After the peak of the first COVID-19 wave in China in February of 2020, subsequent waves have occurred due to the rapid mutation of the virus and the waning of antibodies resulting from previous infections or vaccinations (Singh and Yi, 2021). This has resulted in significant impact on the work productivity, well-being, cognition, and mental health of healthcare workers. To develop effective public health interventions and strategies, it is important to examine COVID-19 related mental health problems among the vulnerable populations.

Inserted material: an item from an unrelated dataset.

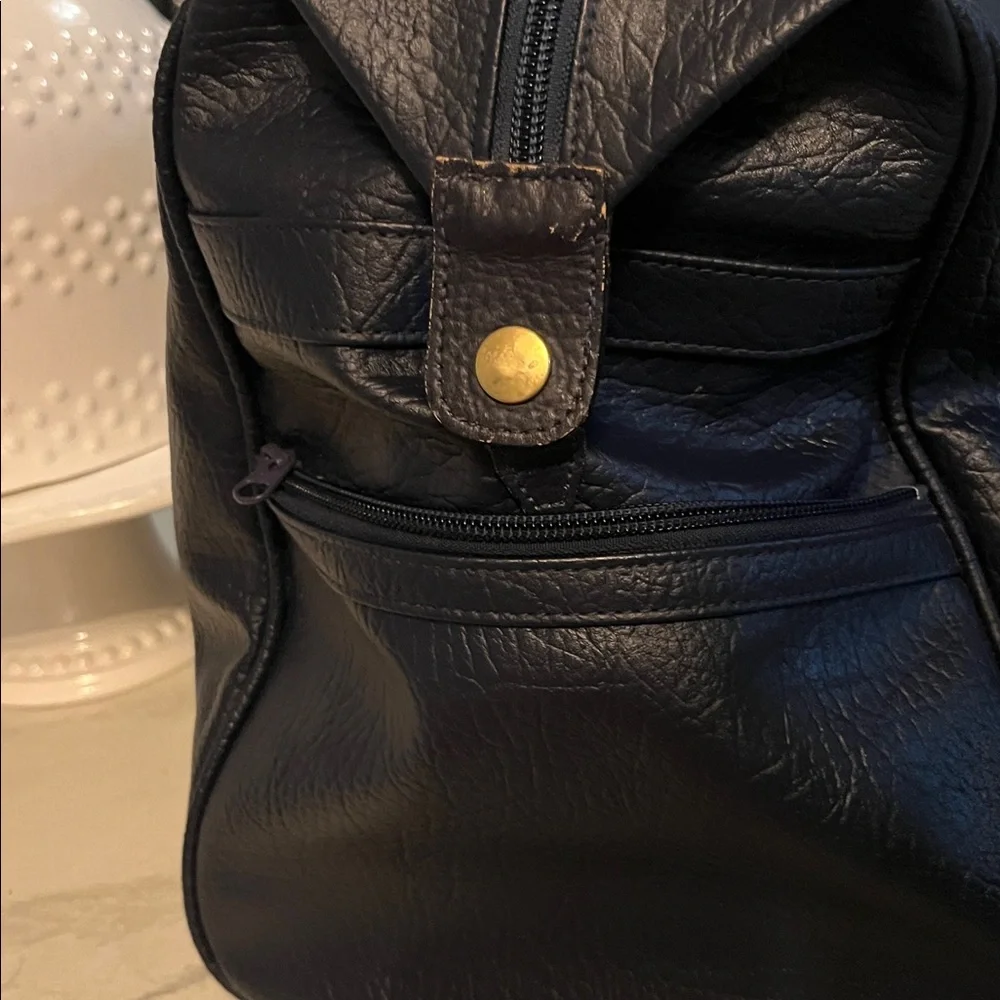 Burberrys Dark Navy Leather Bag with Embroidered Patch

Understanding the pattern of depression and its related factors among different healthcare workers is crucial for developing appropriate preventive strategies, treatment modalities, and management protocols.

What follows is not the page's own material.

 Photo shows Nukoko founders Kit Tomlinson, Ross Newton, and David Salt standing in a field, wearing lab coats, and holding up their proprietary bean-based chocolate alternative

Quality of Life (QOL) refers to the individual’s perception of their position in life in the context of their culture and value systems, and in relation to their goals, expectations, standards, and concerns, all of which could have an impact on their well-being. QOL is also associated with various factors such as economic status, personal relationships, and mental health (World Health Organization, 2023). Research has shown that the QOL of health professionals could affect the quality of medical services and even the prevention of infection outbreaks (Kandula and Wake, 2021). Therefore, addressing the QOL of healthcare professionals is highly important.
In the past decade, network analysis has been widely used to examine the complex associations among individual symptoms of a disorder (Beard et al., 2016), which was based on partial correlations between symptoms (Epskamp et al., 2018b). Network analysis identifies highly central symptoms (defined as nodes) and symptom-symptom interactions (defined as edges), and generates network models in which central nodes are located at the center, while nodes with fewer connections are at the periphery (Mullarkey et al., 2019b). Identifying central nodes and the relevant influential edges using network analysis may be helpful to develop effective treatment and improve health outcomes (Hofmann et al., 2016). Previous studies have examined depression networks among various populations, including adolescents, older adults, and the general population (Zhao et al., 2021; Eli et al., 2022; Xie et al., 2022). For instance, among Chinese adolescents, “fatigue,” “depressed mood,” and “self-blame” were identified as the most central symptoms (Xie et al., 2022). Among the Wuhan residents during the COVID-19 pandemic, “fatigue,” “sad mood,” “guilt,” and “motor disturbances” were the most central symptoms (Zhao et al., 2021). As most studies on depression among ophthalmologists were based on total scale scores, it was previously not possible to examine the syndrome of depression at the symptom level.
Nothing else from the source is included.